En 1970 John Lennon chantait dans God ne croire ni à la magie, ni au Yi-King, ni à la Bible, ni au tarot, ni aux mantras, ni au yoga, ni aux rois, pas même en Jésus ou Boudha. Et il concluait : “The dream is over”. Trois accords de guitarre acoustique ne suffisaient plus à réinventer l’espoir d’un monde meilleur. Cette même année les soldats américains entonnaient au Viêt-nam Who’ll stop the rain de Creedence Clearwater Revival. La pluie de bombes, de napalm, de complots et de mensonges mit la lumière sous le boisseau. Et l’homme demeura seul dans la pénombre durant une décade.
Le germe des Mémoires d’Hadrien est bien connu. Marguerite Yourcenar lut la phrase suivante dans la correspondance de Flaubert : “Les Dieux n’étant plus et le Christ n´étant pas encore, il y a eu, de Cicéron à Marc-Aurèle, un moment unique où l’homme seul a été.”(1) Les films américains des années soixante-dix sont l’équivalent du premier siècle de notre ère. Sur ces stèles d’Amérique sont gravées des préceptes proches du stoïcisme : accomplir chaque action comme étant la dernière, ne rien attendre, ne rien éluder, cesser de poursuivre le bonheur, mener une vie frugale, endurer sans faiblir, célébrer l’amitié, se défier des passions, se consumer jour après jour en acceptant son sort. Nulle tarasque à craindre, plus de saints édifiants, d’hérétiques à combattre, mais l’homme seul face à son destin. Puisque l’Homme était le sujet les scénaristes écrivirent et les metteurs en scène filmèrent l’homme plus que la femme. Il incarnait les valeurs d’un monde finissant d’où la femme était exclue ou préservée. Sans doute était-ce un acte réflexe pour montrer la condition de l’homme en une époque et en un lieu. Peut-être y avait-il la difficulté à exprimer le même sentiment avec des personnages féminins. A l’exception de Wanda, Lou Andreas Sand (Portrait d’une enfant déchue, Schatzberg, 1970), Mabel Longhetti (Une femme sous influence, Cassavetes, 1974), des trois recluses (Trois femmes, Altman, 1977) ou encore Myrtle Gordon (Opening Night, Cassavetes, 1978), la femme ne régna pas dans les films américains de l’époque. Et encore ceci : si l’homme n’avait guère à s’épancher, l’amour survenait mais ne durait pas. On filma des amours brèves, et surtout des retrouvailles et des séparations.
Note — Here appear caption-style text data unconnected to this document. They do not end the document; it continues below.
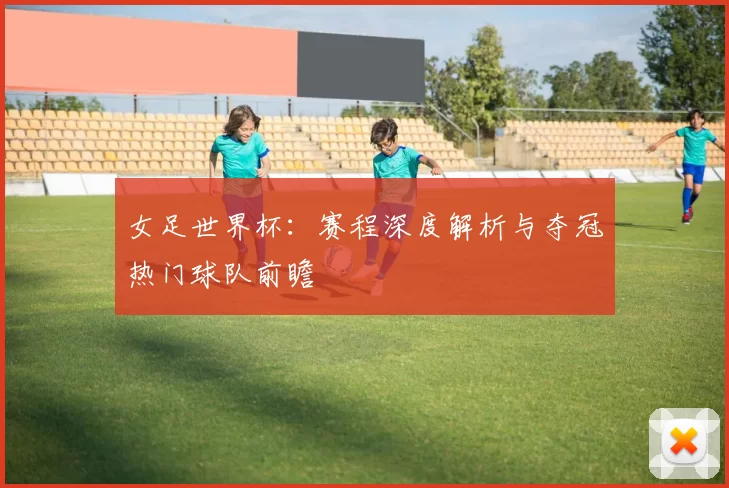 女足世界杯:赛程深度解析与夺冠热门球队前瞻
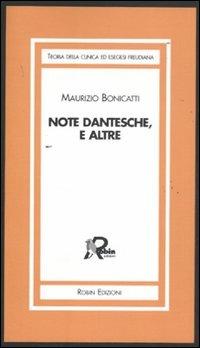 Note dantesche, e altre - Maurizio Bonicatti - Libro Robin Edizioni 2011, Teoria della clinica ed esegesi freudiana | Libraccio.it
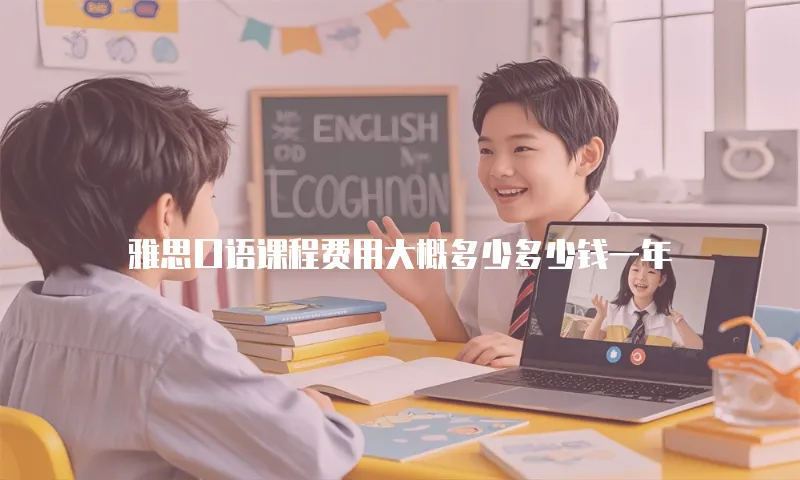 雅思口语课程费用大概多少多少钱一年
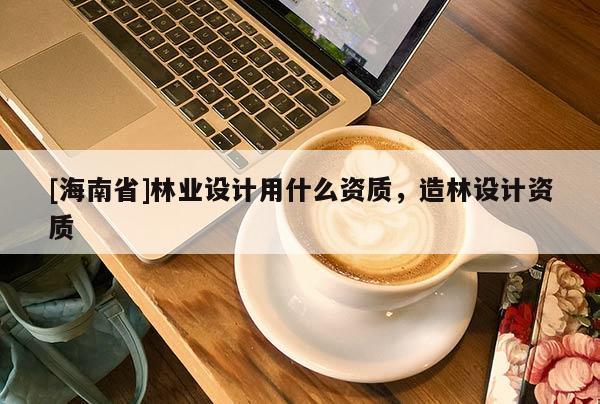 [海南省]林業設計用什么資質，造林設計資質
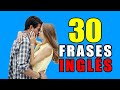 Aprende 30 Frases Muy Usadas de amor para parejas | Ingles con Alan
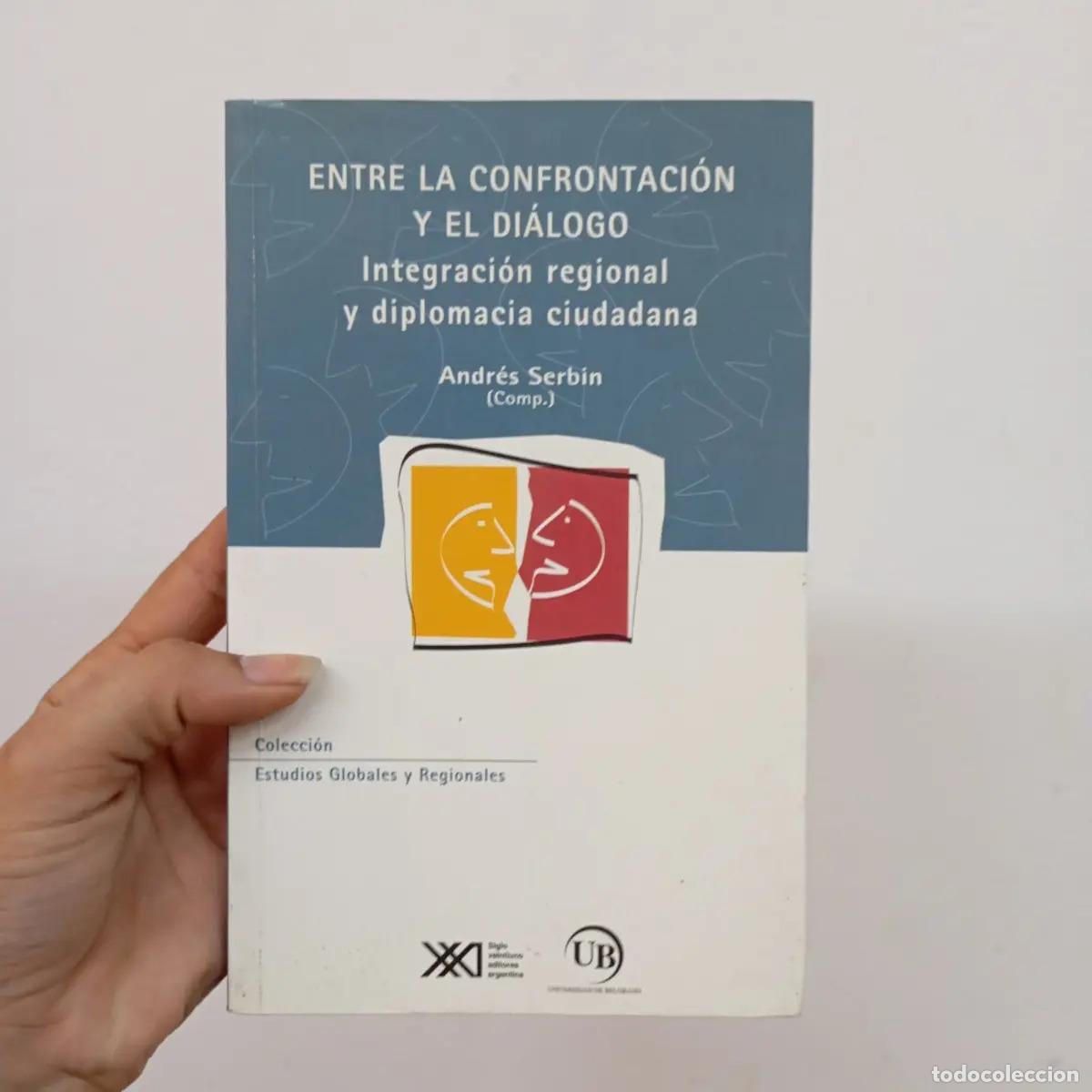 Libri di seconda mano: Entre la confrontaci&oacute;n y el di&aacute;logo - Andr&eacute;s Serbin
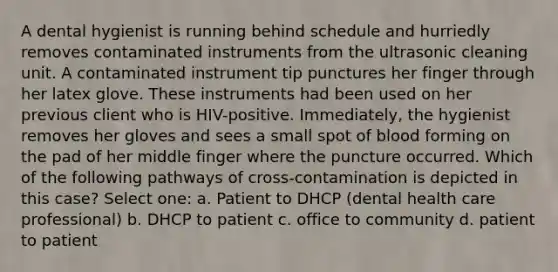 A dental hygienist is running behind schedule and hurriedly removes contaminated instruments from the ultrasonic cleaning unit. A contaminated instrument tip punctures her finger through her latex glove. These instruments had been used on her previous client who is HIV-positive. Immediately, the hygienist removes her gloves and sees a small spot of blood forming on the pad of her middle finger where the puncture occurred. Which of the following pathways of cross-contamination is depicted in this case? Select one: a. Patient to DHCP (dental health care professional) b. DHCP to patient c. office to community d. patient to patient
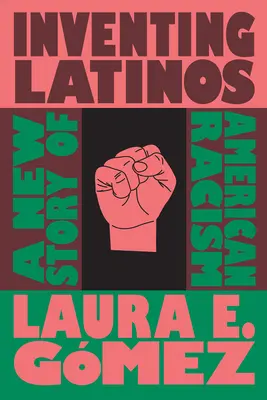 Wynaleźć Latynosów: Nowa historia amerykańskiego rasizmu - Inventing Latinos: A New Story of American Racism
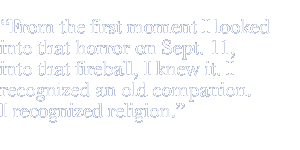 From the first moment I looked into that horror on Sept. 11, into that fireball, I knew it. I recognized an old companion. I recognized religion.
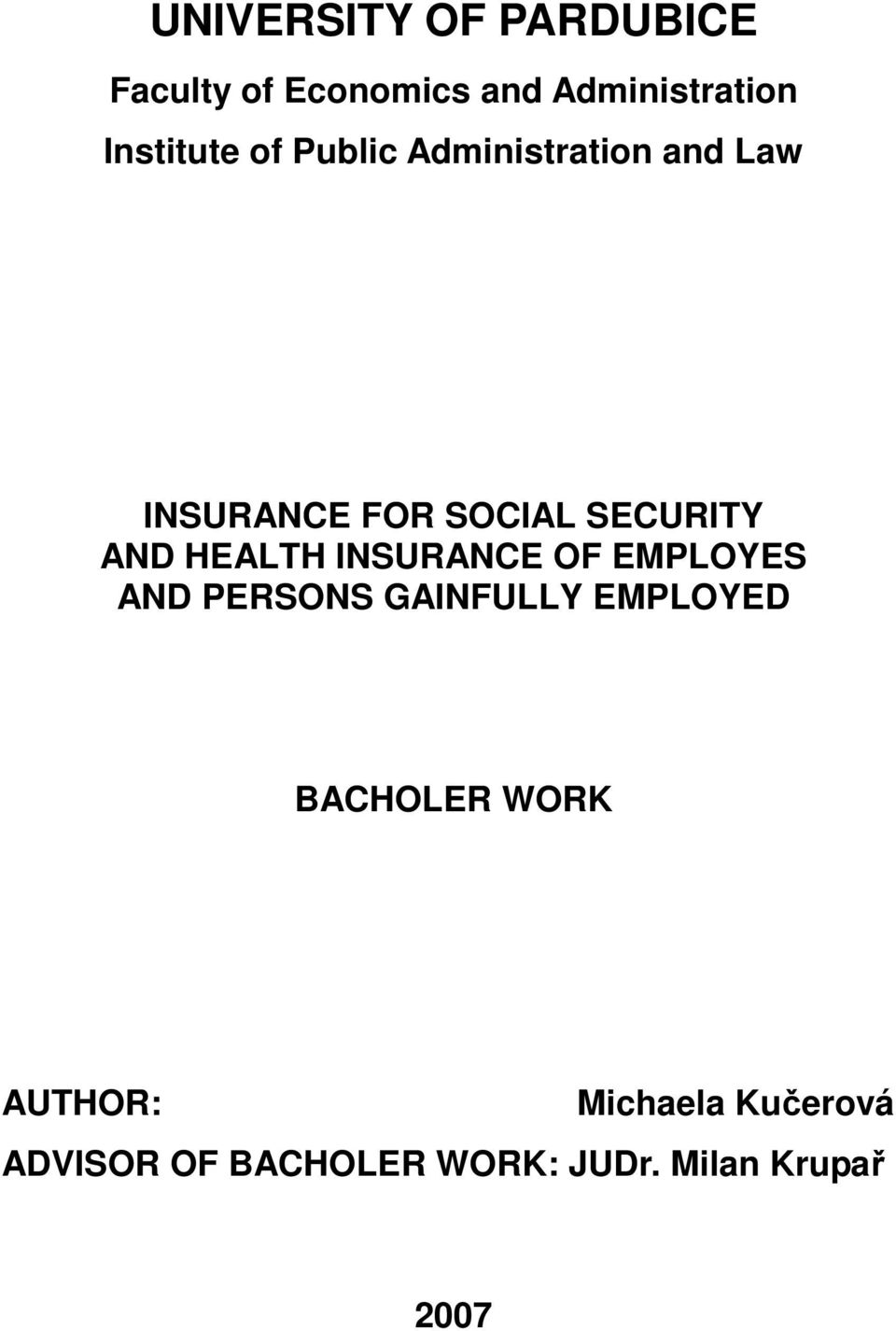 AND HEALTH INSURANCE OF EMPLOYES AND PERSONS GAINFULLY EMPLOYED BACHOLER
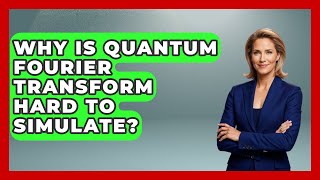 Why Is Quantum Fourier Transform Hard To Simulate - Quantum Tech Explained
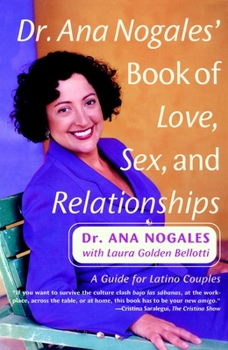 Paperback Dr. Ana Nogales' Book of Love, Sex, and Relationships: A Guide for Latino Couples Book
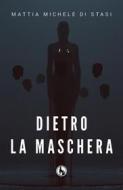 Ebook Dietro la maschera di Mattia Michele Di Stasi edito da Lupo
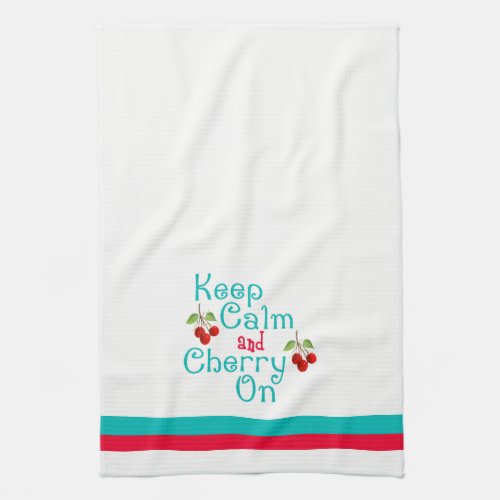 Keep Calm And Cherry On Kitchen Towel
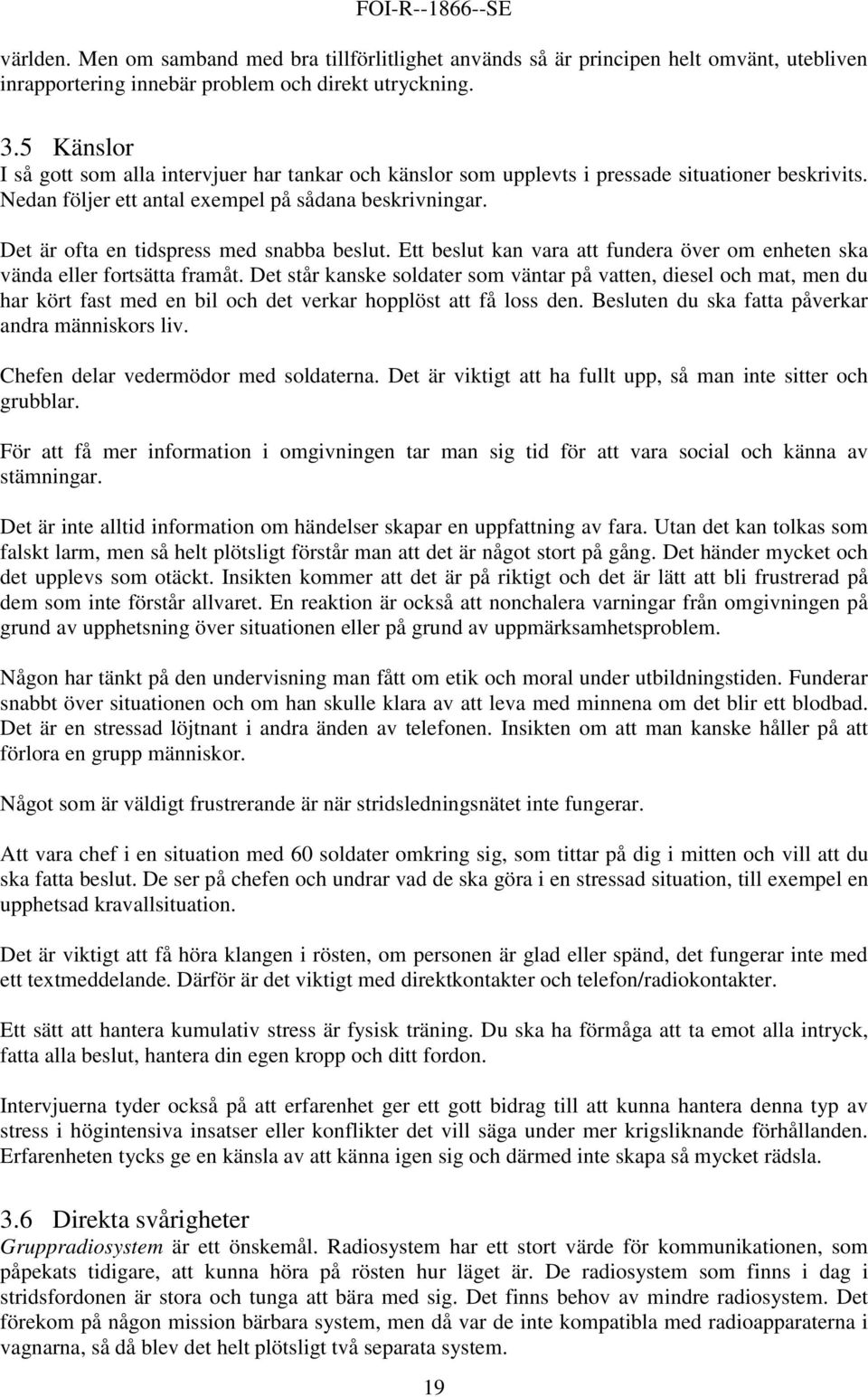 Det är ofta en tidspress med snabba beslut. Ett beslut kan vara att fundera över om enheten ska vända eller fortsätta framåt.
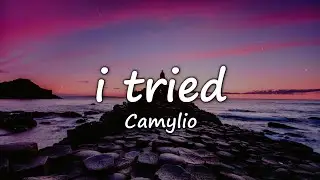 Camylio - i tried (Lyrics)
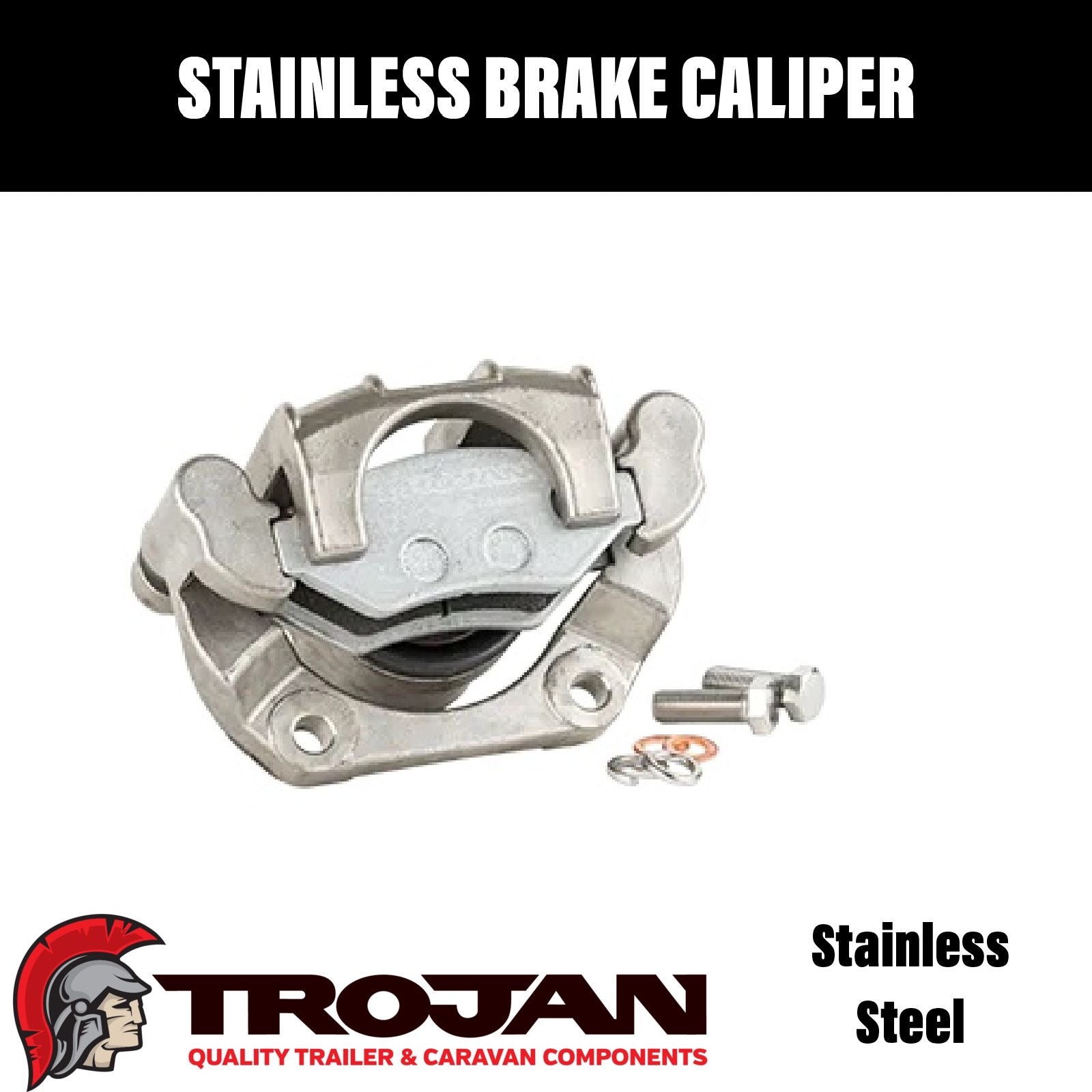 Trojan Stainless Steel Brake Caliper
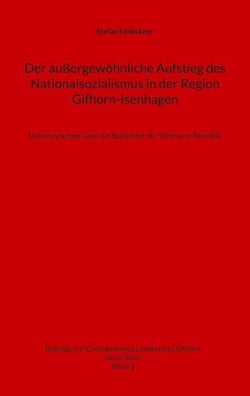 Der außergewöhnliche Aufstieg des Nationalsozialismus in der Region Gifhorn-Isenhagen - Untersuchungen über die Spätphase der Weimarer Republik
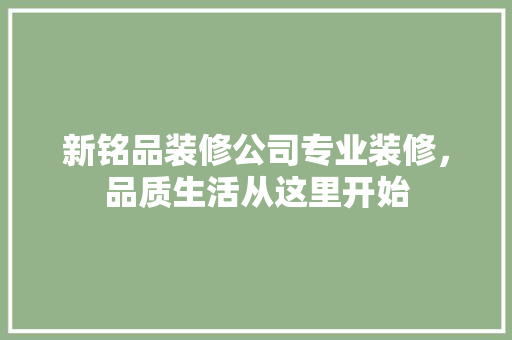 新铭品装修公司专业装修，品质生活从这里开始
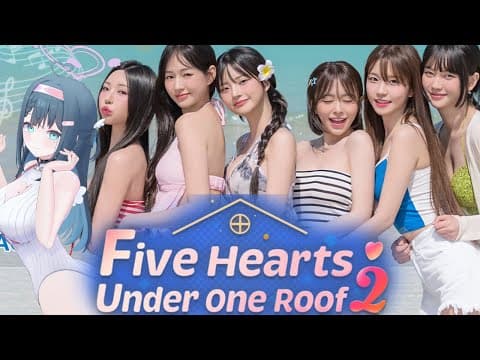 Dating Beautiful Women?! [five Hearts Under One Roof Season2]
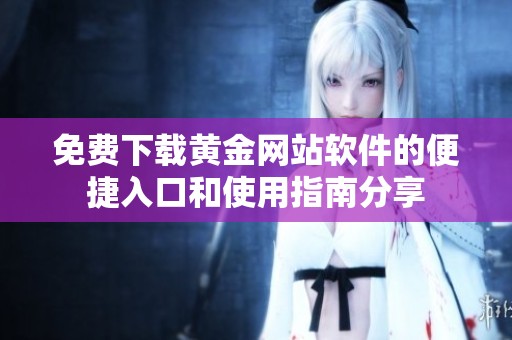 免费下载黄金网站软件的便捷入口和使用指南分享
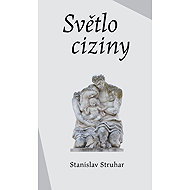 Světlo ciziny - Stanislav Struhar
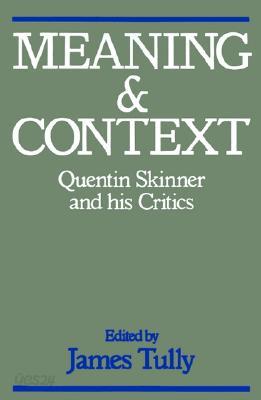 Meaning and Context: Quentin Skinner and His Critics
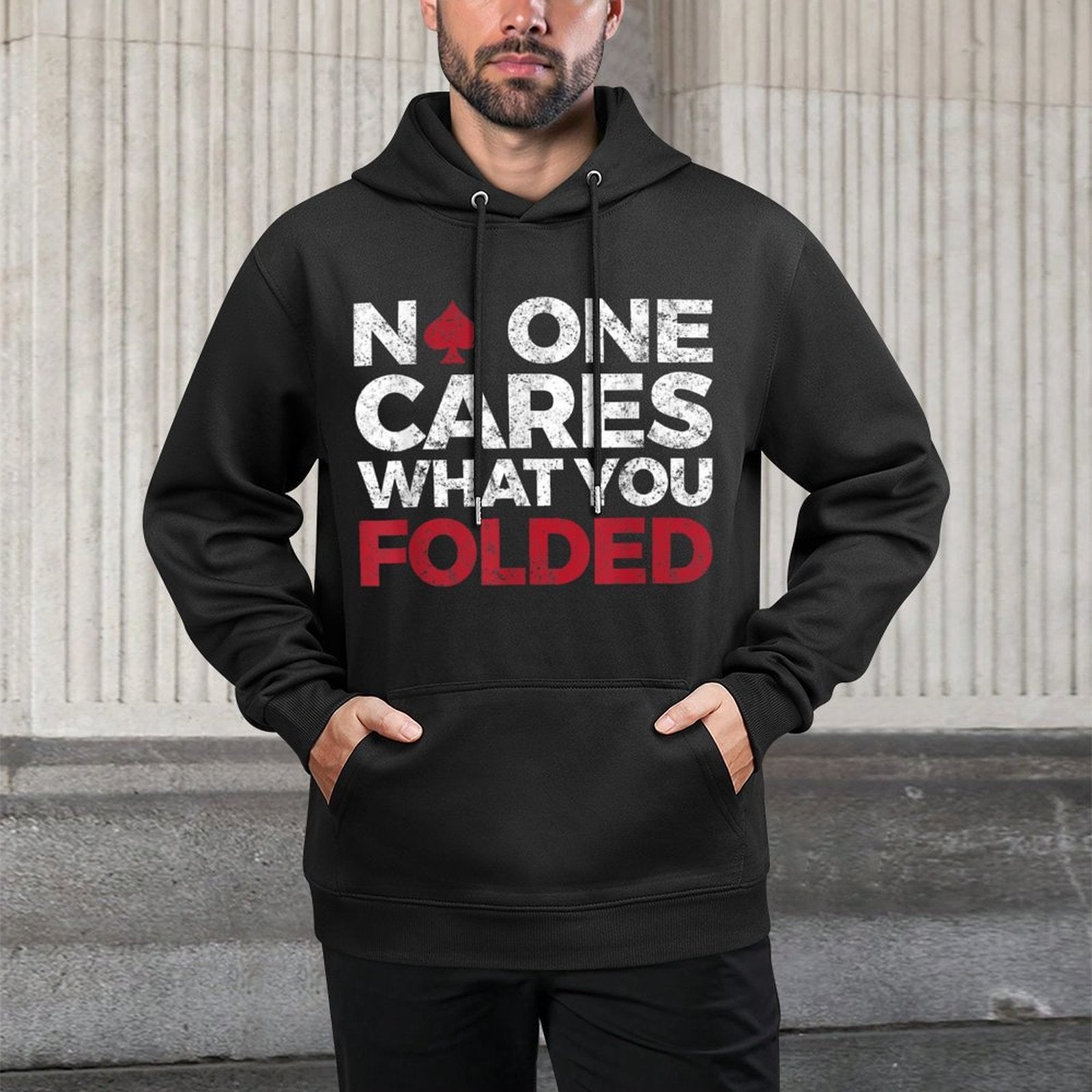 No One Cares What You Folded, Funny Poker Colorfast Hoodie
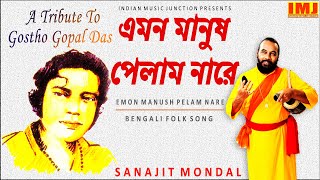 এমন মানুষ পেলাম নারে ২০২১  EMON MANUSH PELAM NARE BY SANAJIT MONDAL  A TRIBUTE TO GOSTHO GOPAL DAS [upl. by Ycam]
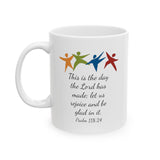 Psalm 118:24 Ceramic Mug, (11oz, 15oz)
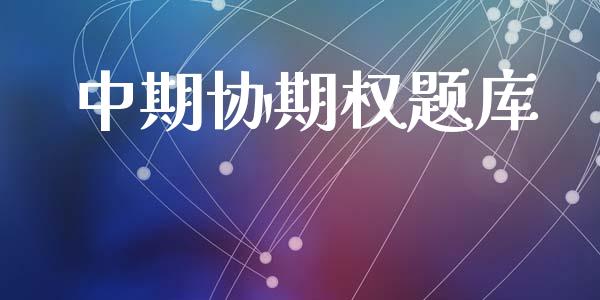 中期协期权题库_https://cj007.lansai.wang_期货开户_第1张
Ce fut un cinéma où rien ne fut plus grand que l’homme. Livré à lui-même, jamais il ne fut plus fragile et plus fort que face au vertige de soi, à la nausée, à une sorte de solitude ontologique, et surtout face à la liberté conquise de l’être sans passé qui taraude et sans avenir qui échappe. Cependant, lorsque nous revoyons aujourd’hui certains de ces films leurs personnages nous paraissent prisonniers du présent, comme si le refus ou l’impossibilité de se projeter dans un temps autre opacifiait leur vision.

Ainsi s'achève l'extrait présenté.